## WHAT NEEDS TO BE DONE
Give back exactly the lines from the one that holds "Toronto W04, ON M9N 1L7,206 King ST N" through the final line of the data; omit the pictures and add nothing.

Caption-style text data
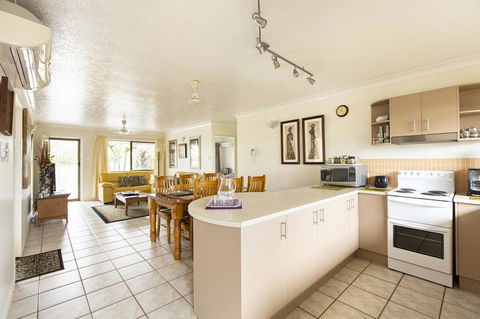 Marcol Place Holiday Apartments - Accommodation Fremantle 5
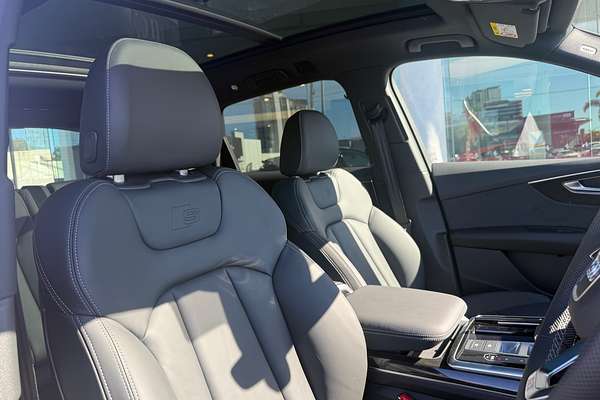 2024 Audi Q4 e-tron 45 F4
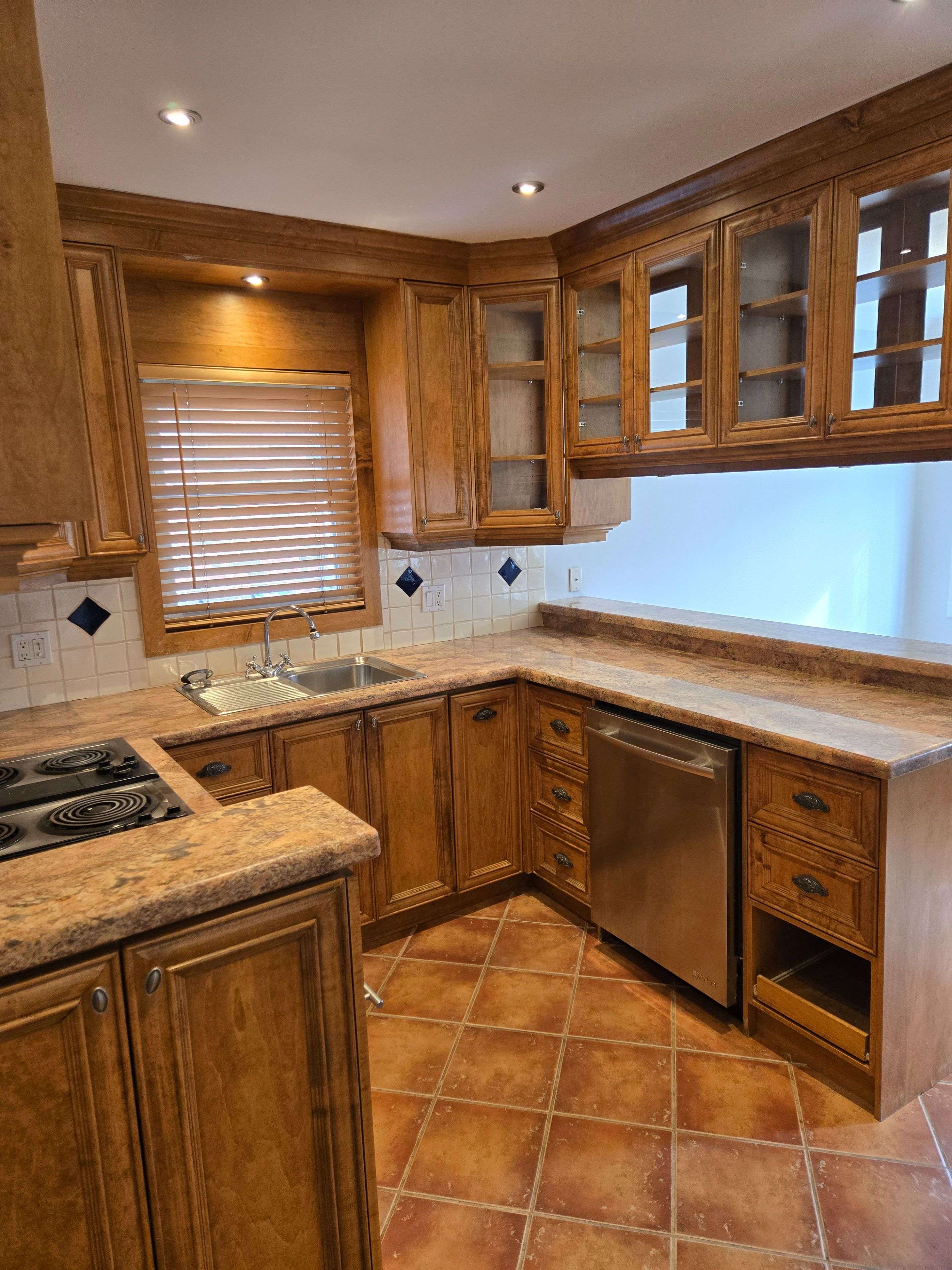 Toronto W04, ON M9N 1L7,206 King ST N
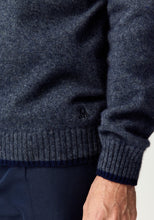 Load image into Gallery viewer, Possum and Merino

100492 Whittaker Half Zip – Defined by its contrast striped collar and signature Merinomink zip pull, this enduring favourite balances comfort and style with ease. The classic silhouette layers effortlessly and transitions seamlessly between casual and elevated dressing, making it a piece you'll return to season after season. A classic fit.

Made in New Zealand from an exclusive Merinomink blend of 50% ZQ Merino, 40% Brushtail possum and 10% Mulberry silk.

## THE COMPLETED TASK
 Toronto W04, ON M9N 1L7,206 King ST N
 Load image into Gallery viewer, Possum and Merino

100492 Whittaker Half Zip – Defined by its contrast striped collar and signature Merinomink zip pull, this enduring favourite balances comfort and style with ease. The classic silhouette layers effortlessly and transitions seamlessly between casual and elevated dressing, making it a piece you'll return to season after season. A classic fit.

Made in New Zealand from an exclusive Merinomink blend of 50% ZQ Merino, 40% Brushtail possum and 10% Mulberry silk.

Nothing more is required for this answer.